Hierarchical Lidar Panoptic Segmentation

LPS methods in literature employ point cloud backbones to classify points and learn to group points into object instances. These methods require instance-level supervision for all thing classes. In LiPSOW, the other class (for which no instance supervision is available) consists of both stuff and things, and methods should be able to cope with this. To develop a strong baseline for LiPSOW, we draw inspiration from work in LPS, perceptual grouping, and open-set recognition.

Fig 1: Our proposed method, Hierarchical Lidar Panoptic Segmentation (HLPS). Left: A K+1 way segmentation network classifies points into things, stuff, or other (in red). Right: A hierarchical tree of all possible segments is constructed from things and other, and a learnt scoring function is used to cut the tree into instance segments.

Our method, HLPS, employs a point-based encoder-decoder network to classify points into one of K+1 classes, as is the case in open-set recognition. In other words, the network is trained to distinguish the K known classes from other. In the second stage, we run a non-learned clustering algorithm on both things and other points, and learn a scoring function to get an instance segmentation. This is illustrated in Fig 1. Each component of our proposed method is explained below in further detail.

Semantic Segmentation

We use the well-consolidated Kernel-Point Convolution (KPConv) [1] backbone to operate directly on an input point cloud. We attach a semantic classifier on top of the decoder feature representation to output a semantic map which consists of K+1 classes. The network is trained using cross-entropy loss.

Object segmentation via point clustering

Fig 2: An example to demonstrate how instance segmentation is obtained from a hierarchical tree of segments.

We first group points based on their spatial proximity using hierarchical clustering (HDBSCAN), which results in a hierarchy of segments (Fig 2-mid). From this segmentation tree, there exist combinatorially many per-point instance segmentation possibilities. Therefore, to get an instance segmentation from this tree, we need to make a cut through this tree (Fig 2-right).
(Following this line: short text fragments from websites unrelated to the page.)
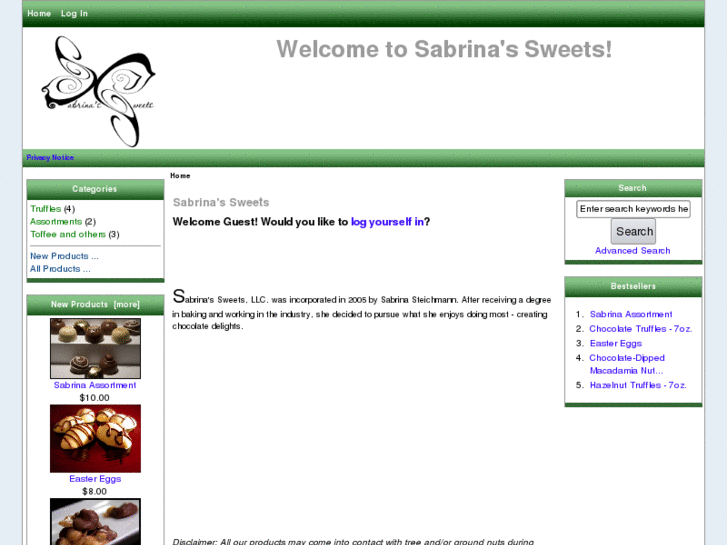 www.sabrinassweets.com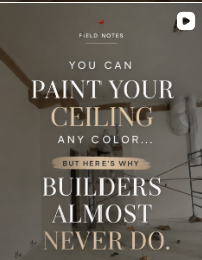 You can paint the ceiling any color, but plan the effect Field Notes cover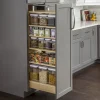 Hardware Resources Wood Pantry Cabinet Pullout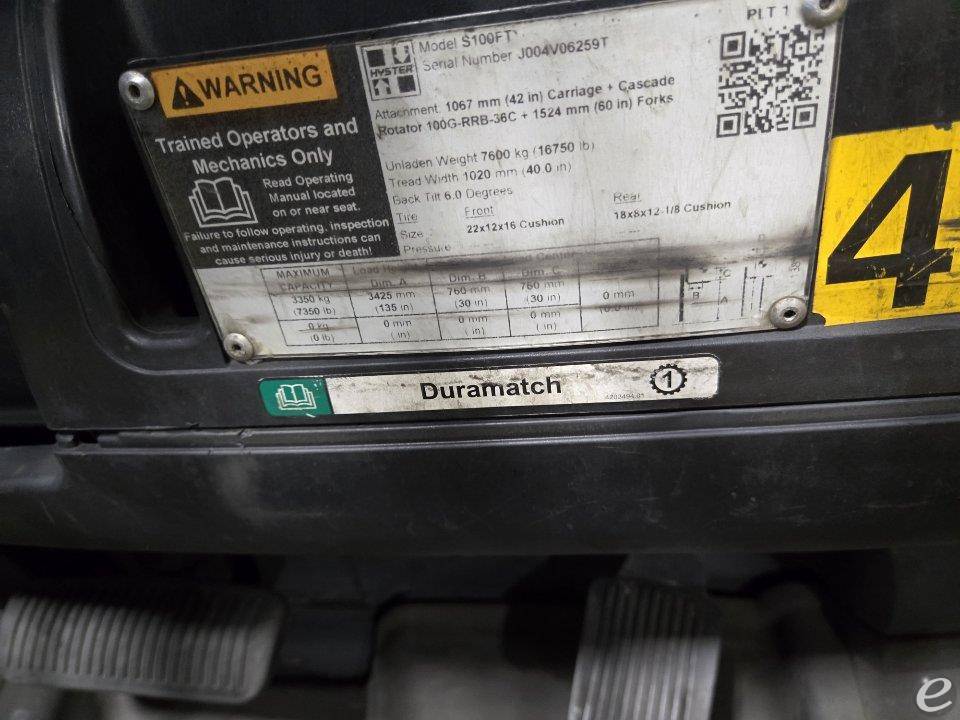 2019 Hyster S100FT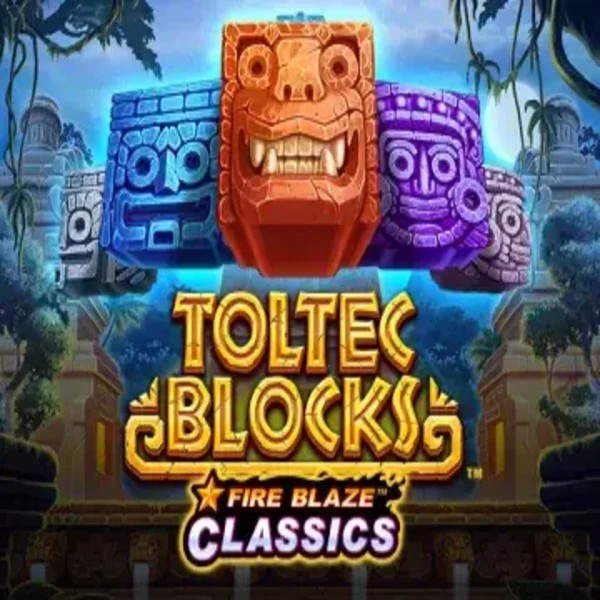 Fire Blaze: Toltec Blocks logo by Rarestone Gaming Mostbet Casino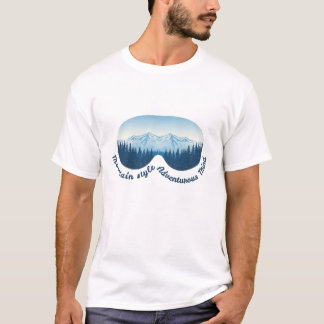 Mountain Style, Abenteuerlust: Ski Goggle T-Shirt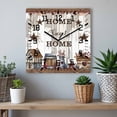 thumbnail image 6 of Farmhouse Wooden Wall Clock Silent Non Ticking, Retro Country Star Berry Vintage Wood Grain Square Wall Clocks Battery Operated, Decor Clock for Home Office, Living Room, Kitchen, 12 Inch, 6 of 9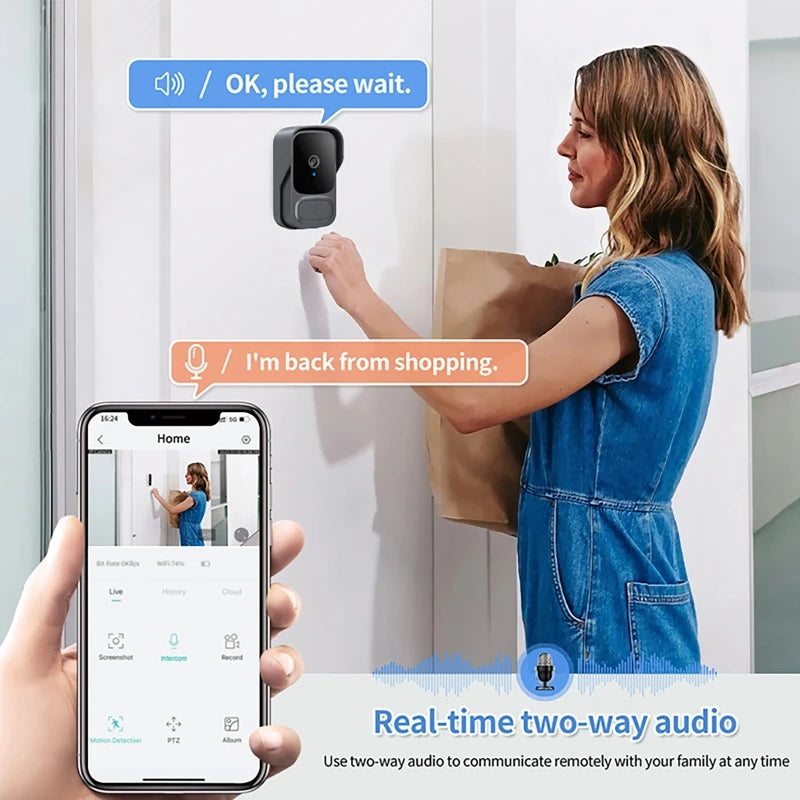 ExaHome Wireless Video Doorbell V8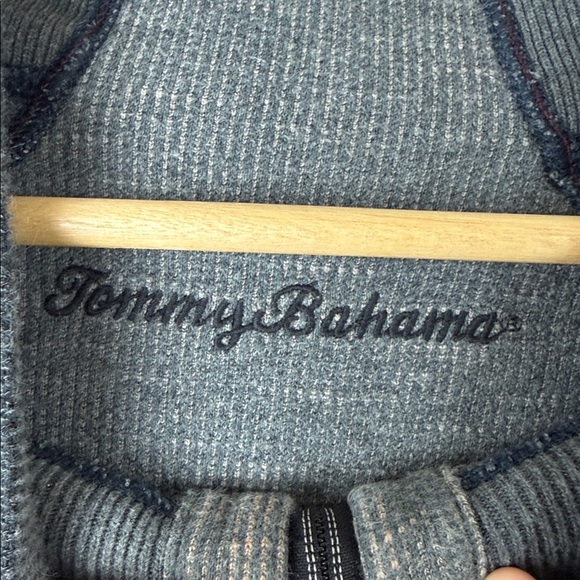 Tommy Bahama Men's Dark Gray Zip-Up Sweater Size XL - Picture 2 of 5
To generate a cut from this tree, we learn a function which estimates how likely a subset a points represent an object. We use a PointNet classification network trained with a mean-squared error loss function, with an objective to regress the IoU of the segment with its matched ground-truth instance.

Given this function, we need to find where to cut this tree such that an overall segmentation score is as good as possible. In [2], it is shown that if the global segmentation score is defined as the worst objectness in the tree, the worst-case segmentation leads to an optimal cut (which can be obtained efficiently using dynamic programming).

References

  1. Aygun, Mehmet, et al. “4d panoptic lidar segmentation.” Proceedings of the IEEE/CVF Conference on Computer Vision and Pattern Recognition. 2021.
  2. Hu, Peiyun, David Held, and Deva Ramanan. “Learning to optimally segment point clouds.” IEEE Robotics and Automation Letters 5.2 (2020): 875-882.